Monday, July 07, 2008



Opini

Agenda Menormalkan Negara
Koran Tempo, Minggu, 6 Juli 2008

A. Bakir Ihsan

Secara kasat mata, Indonesia adalah negara yang normal. Paling tidak kehadirannya sampai saat ini menunjukkan bahwa negara ini eksis. Bahkan beberapa waktu lalu, dua pengamat politik Andrew MacIntyre dan Douglas Ramage menyebut Indonesia sebagai negara yang stabil, demokratis (competitive democracy), dan ikut berperan konstruktif pada masalah-masalah dunia. Karena itu, lanjut mereka, Indonesia saat ini berhasil menjadi negara yang normal. (Reuters, 27/5).

Hasil pengamatan yang dilakukan oleh Australian Strategic Policy Institute ini memberi optimisme akan kelangsungan negara ini.
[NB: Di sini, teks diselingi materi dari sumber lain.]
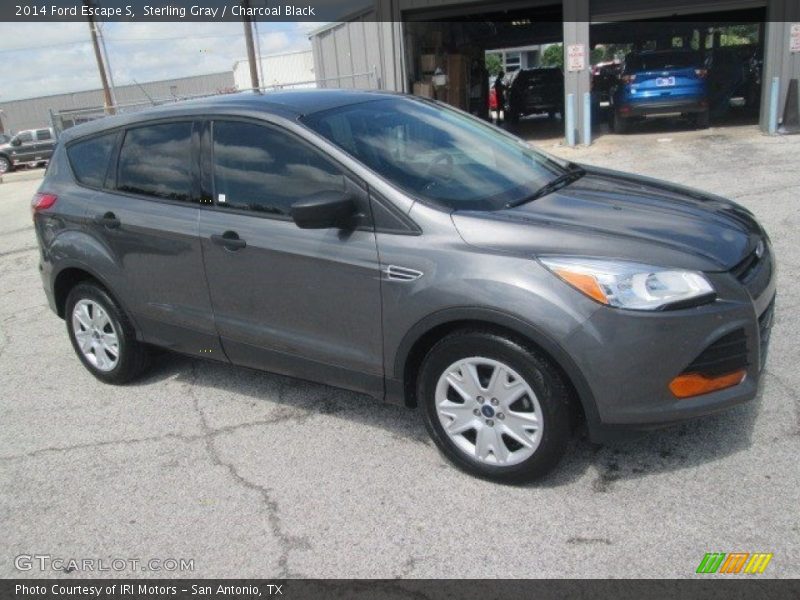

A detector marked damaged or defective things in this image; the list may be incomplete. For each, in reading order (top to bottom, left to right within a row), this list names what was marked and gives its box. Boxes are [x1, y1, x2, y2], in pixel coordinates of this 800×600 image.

cracked asphalt [0, 122, 796, 576]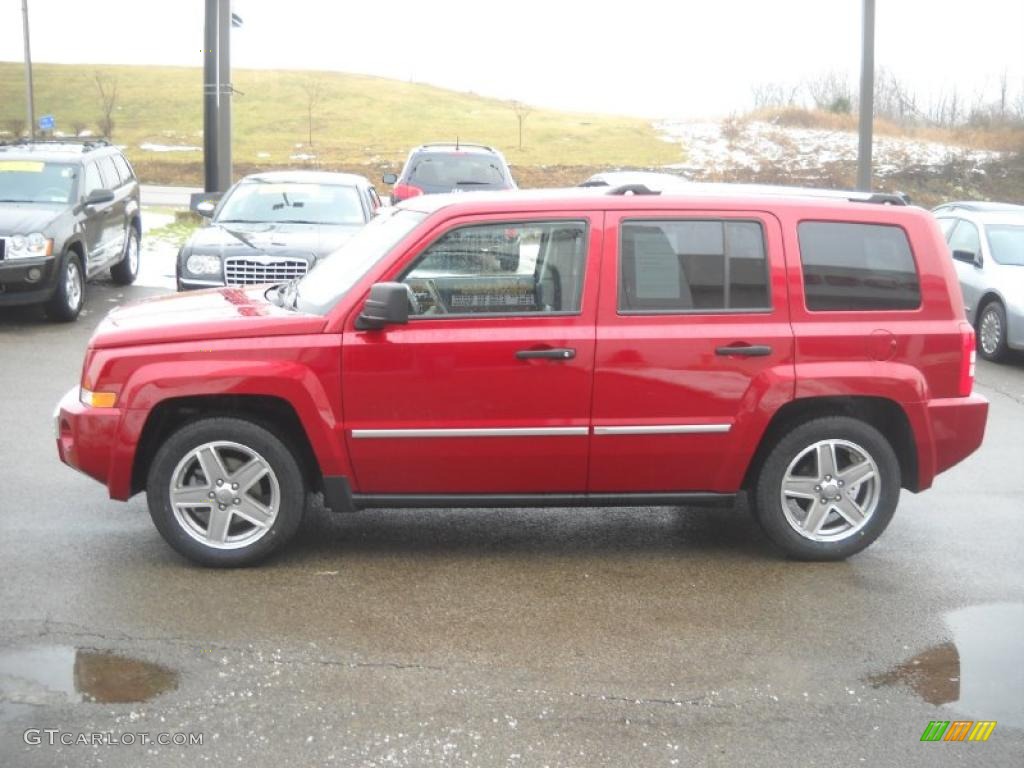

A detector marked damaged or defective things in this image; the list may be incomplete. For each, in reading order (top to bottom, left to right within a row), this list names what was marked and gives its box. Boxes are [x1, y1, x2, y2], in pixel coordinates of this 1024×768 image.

cracked pavement [2, 284, 1024, 768]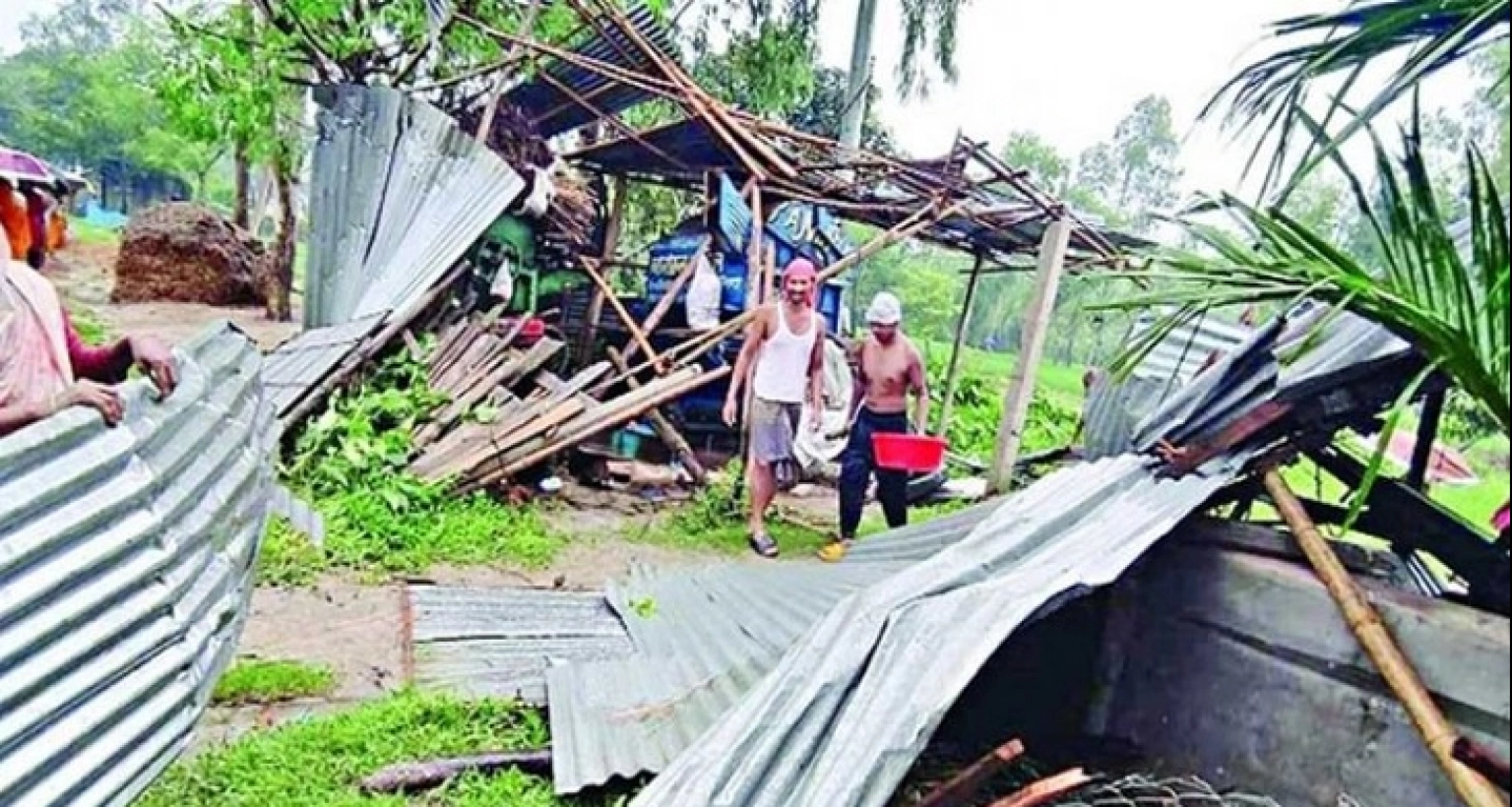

Paling tidak kita punya modal sejarah bahwa pasca otoritarianisme, Indonesia berhasil melepaskan itu semua dan menggantikannya dengan demokrasi. Seperti kopompong yang memetamorfose ulat represi menjadi kupu-kupu demokrasi.

Bahkan, menurut MacIntyre dan Ramage, Indonesia berhasil menghapus trauma radikalisme dan terorisme yang sempat menyeruak dan menghantui dunia internasional pasca bom Bali 2002 lalu. Karenanya, menurut kedua pengamat tersebut, sudah waktunya dunia internasional melihat Indonesia sebagai negara yang normal (start treating it as a "normal" country).

Hegemoni kekerasan
Tampaknya optimisme itu harus diletakkan dalam tanda kurung. Karena lima hari kemudian (1/6) kekerasan menyeruak justru di saat bangsa ini memperingati hari lahir Pancasila yang berlandaskan kebhinnekaan. Sebuah tindak kekerasan yang terjadi sebagai ekspresi antagonisme kelompok. Kasus ini menjadi krusial bukan saja pada kuantitas korban atau skala peristiwa, tapi lebih pada kecenderungan eskalasi kekerasan yang sangat mudah dilakukan oleh segerombolan orang atas nama apapun.

Ini bisa menjadi benih terjadinya efek domino tindak kekerasan lainnya. Karena itu, peran negara dibutuhkan untuk menetralisasi setiap kecenderungan kekerasan yang terjadi di masyarakat. Upaya menetralisasi tersebut tidak sekadar optimalisasi peran aparat keamanan. Tapi juga, dan ini sangat urgen, kehendak kolektif baik secara struktural (ketersediaan sistem) maupun kultural (kesepahaman) untuk mengawal kedamaian warga di tengah menguatnya kepentingan kelompok.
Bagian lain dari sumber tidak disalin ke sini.